A Partially-printed Document Signed by Columbia’s First Professor of Music Acknowledging that Angela Diller is Qualified to Attend a Course at the University
Signed by Edward MacDowell
In May 1896, MacDowell was appointed Columbia University’s first professor of music. In addition to teaching, he continued to conduct, perform and compose, producing some of his finest piano works, including Sea Pieces (Op. 55), the Third (“Norse”) Sonata (Op. 57) and Fireside Tales (Op. 61).
Diller, the Brooklyn-born daughter of a church organist, was a music teacher at a New York City girls’ boarding school when she began studying with MacDowell. “For seven years, from 1896 until 1903, she studied harmony, counterpoint, orchestration, composition, and piano with Edward MacDowell at Columbia University, and concurrently was enrolled at Barnard College as a special student in music… In 1899 Angela Diller was the first recipient of the Mosenthal fellowship for musical composition at the university,” (Notable American Women: The Modern Period: A Biographical Dictionary, ed.
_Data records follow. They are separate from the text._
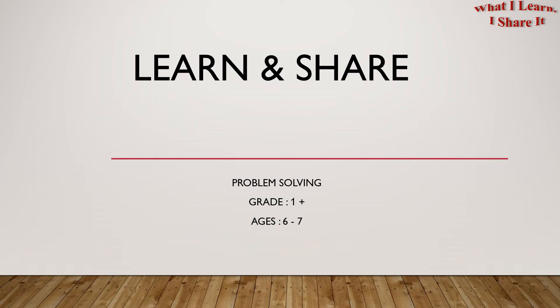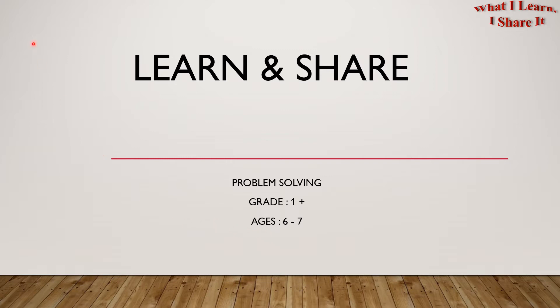Hello first graders! We are doing problem solving for ages 6 to 7. In this video, I'm going to share another word problem with you. This word problem is related to pairing. I will also give you tips for making your own word problem, so let's get started.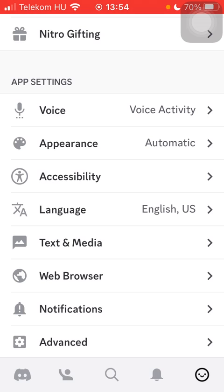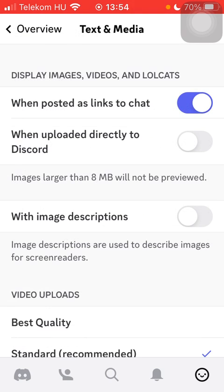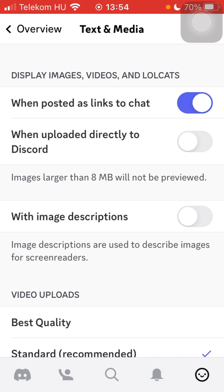Click on 'Text and Media' in the middle of the screen. After that, go to the top — the second option is 'Display images, videos, and lolcats when uploaded directly to this course.' Click the button on the right side, thereby enabling this feature.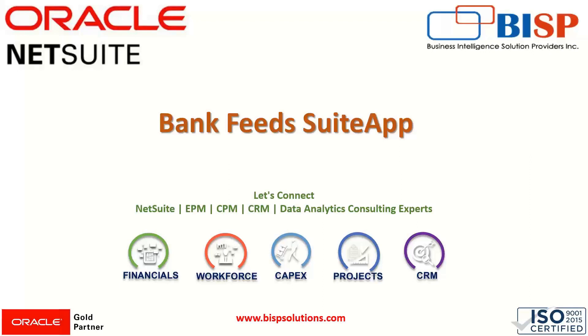Hi everyone, welcome to BISP trainings. My name is Faiza Alam and in today's session we'll be looking at another feature of importing bank data in our NetSuite application, and that feature is known as a bank feed suite app.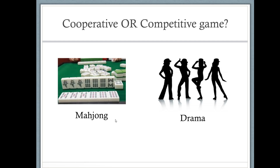That's right — drama is cooperative. You usually form groups and try to come up with a common objective, which is to make a drama. In a cooperative game you are aiming for one common goal, one common objective that everyone in the group is trying to achieve. But what about mahjong?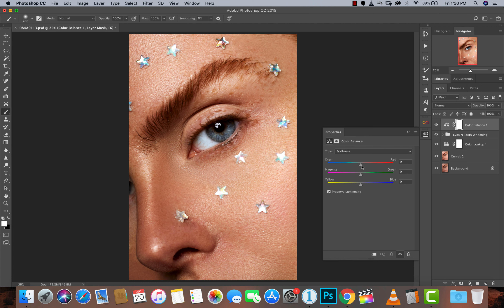For my mid tones, I'm going to drag towards the cyans. As you can see it's affecting the whole image, and I don't want it to affect the whole image — just her pupils and eyes. So I'm going to hit Command+I to invert that mask, and then just paint it in. You guys can see the color has changed on just the eyes.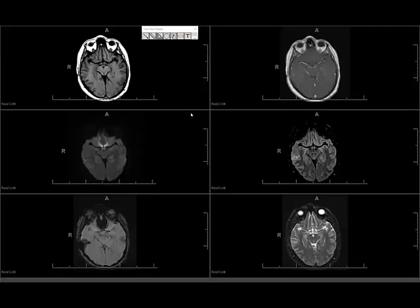Hi, this is Dr. Seigel, and today I wanted to demonstrate how I read an MRI of the brain. This video is primarily focused for the first and second year radiology residents who are just beginning to start looking at MR brains.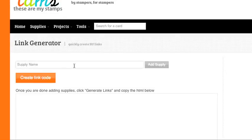Hi everyone, this is Aaron from These Are My Stamps, and in this video I'm going to show you how our new tool, the Link Generator, works.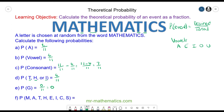And for question F — an M, an A, a T, H, E, I, C or an S — and these are all the letters that make the word mathematics. So there are eleven desired out of the eleven that are possible, and that simplifies to make one.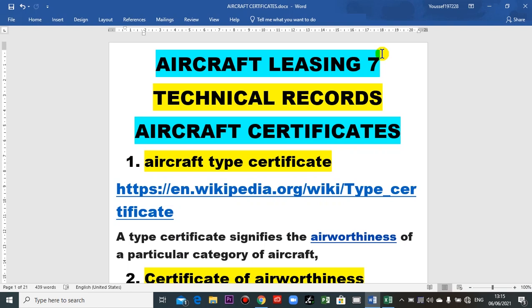Have a nice day everyone. We just finished the aircraft physical inspection. Now we will go to the documentation of the aircraft — the technical records. We will go to the aircraft certificates.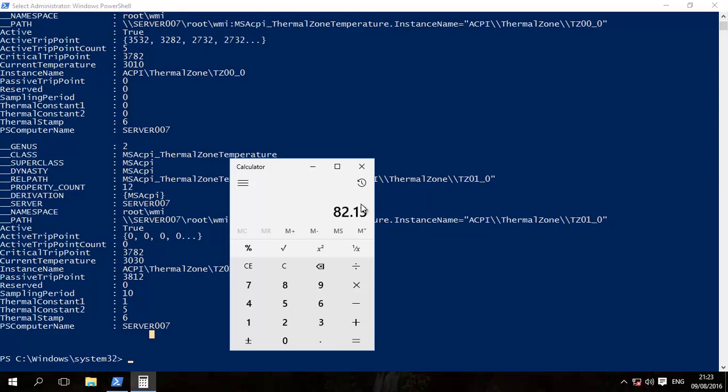So that's the Fahrenheit. All you do now is using these numbers, go and check basically the documentation online for your laptop brand, your CPU brand. See what are its normal operating temperatures, and then you could contact tech support for example.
Sicherman and Green). That same year, she began teaching at the New York City Music School Settlement where she eventually rose to head of the theory department and “became a devoted, and inspiring teacher to the hundreds of students, young and old, whom she met,” (ibid.). She went on to co-found the Diller Quaile School of Music which introduced a new curriculum she developed that applied music theory and “emphasized the development of musicianship in a program closely coordinated with the individual instrumental lessons,” (ibid.). Her philosophy was influential amongst music educators.
Mounted to a slightly larger sheet. Tears in the upper and lower right corners and one small chip along the right edge. In very good condition. Uncommon in this format.